Recordemos que hacer, en griego, el siempre hacer manual, se decía poieoo: la poesía era una obra manufacturada, un ente concebido y fabricado por la imaginación y la mano humanas.
Quizá pueda sorprender la constante calidad del arte llamado "tribal", "primitivo" y antiguo, frente a la irregular calidad del arte occidental de los siglos XX y XXI. Acontecía que las obras talladas, esculpidas, moldeadas, fundidas, tejidas, etc., eran obra de especialistas. No todo el mundo era un "artista". Al igual que acontecía con la magia, solo unos pocos, un cuerpo de especialistas, debida, duramente preparados, estaban autorizados a producir objetos demasiado importantes para la cohesión de una comunidad para ser fabricados por personas indebidamente formadas. Personas autorizadas por "poderes superiores" (dioses, genios, espíritus, etc.) para dar a luz a unas obras que no eran entes inertes sino elementos dotados de vida, capaces de incidir, de proteger o de dañar la vida de quienes los recibían.

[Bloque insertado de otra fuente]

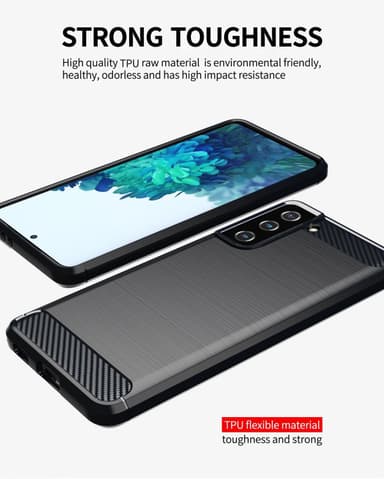 Deksel Samsung Galaxy S21 PLUS ultra slim (svart)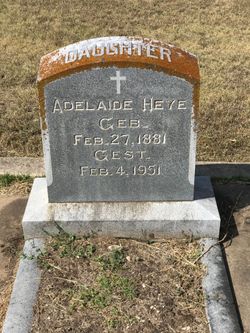 Adelaide Heye 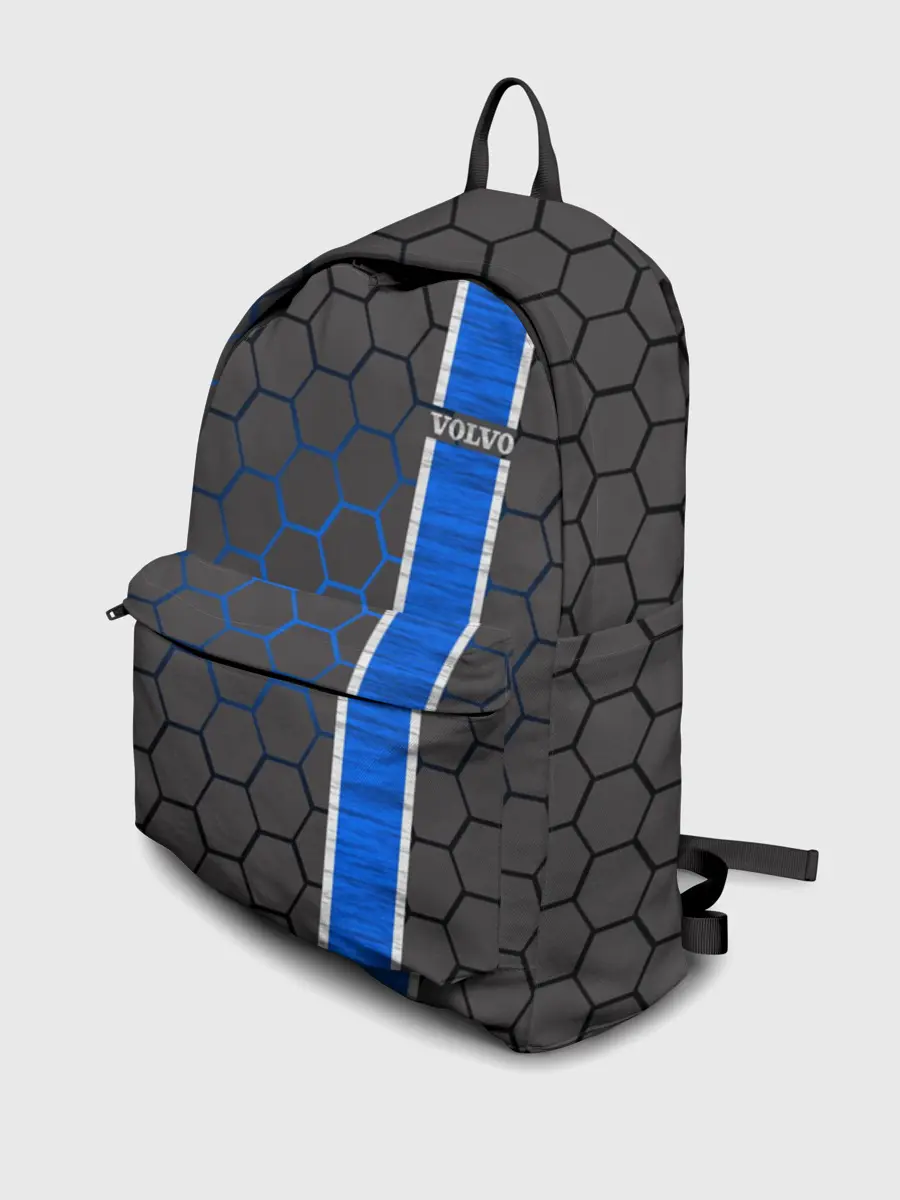 Рюкзак джинсовый / Volvo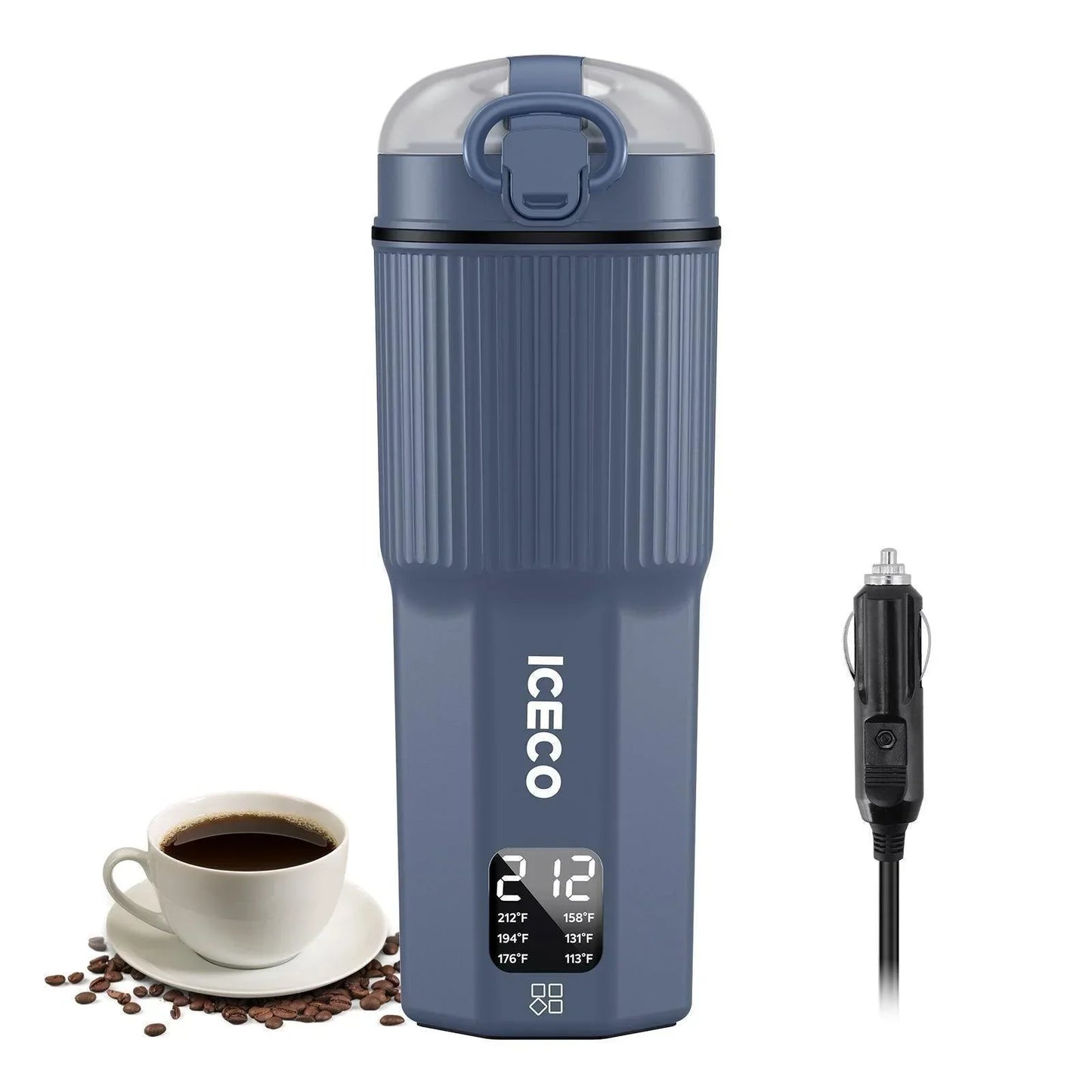 Portable Electric Kettle 12V/24V for Car Use | ICECO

Decir que todo el mundo es artista no significa nada: las obras, entonces, dejan de ser elementos singulares, sobre los que reflexionar y a los que admirar o ante los que detenerse, para pasar a ser entes indiferenciados, intercambiables, sin valor alguno, dado que el valor nace de la rareza, de la mano experta, alentada por alguna fuerza sobrenatural, de un artesano cercano al mago, al chamán, de un poeta que apenas se distingue del profeta.
La vuelta a la valorización del hacer es dolorosa: da lugar, por ahora, a obras torpes, y es posible que este regreso sea fugaz.
Por ahora disfrutemos del singular retorno del surrealismo (un cajón de sastre, empero), de algunas obras surrealistas, como se vio en la reciente Bienal de Arte de Venecia, siendo el surrealismo quizá el último "estilo" en el que el hacer predominó, a veces con exceso.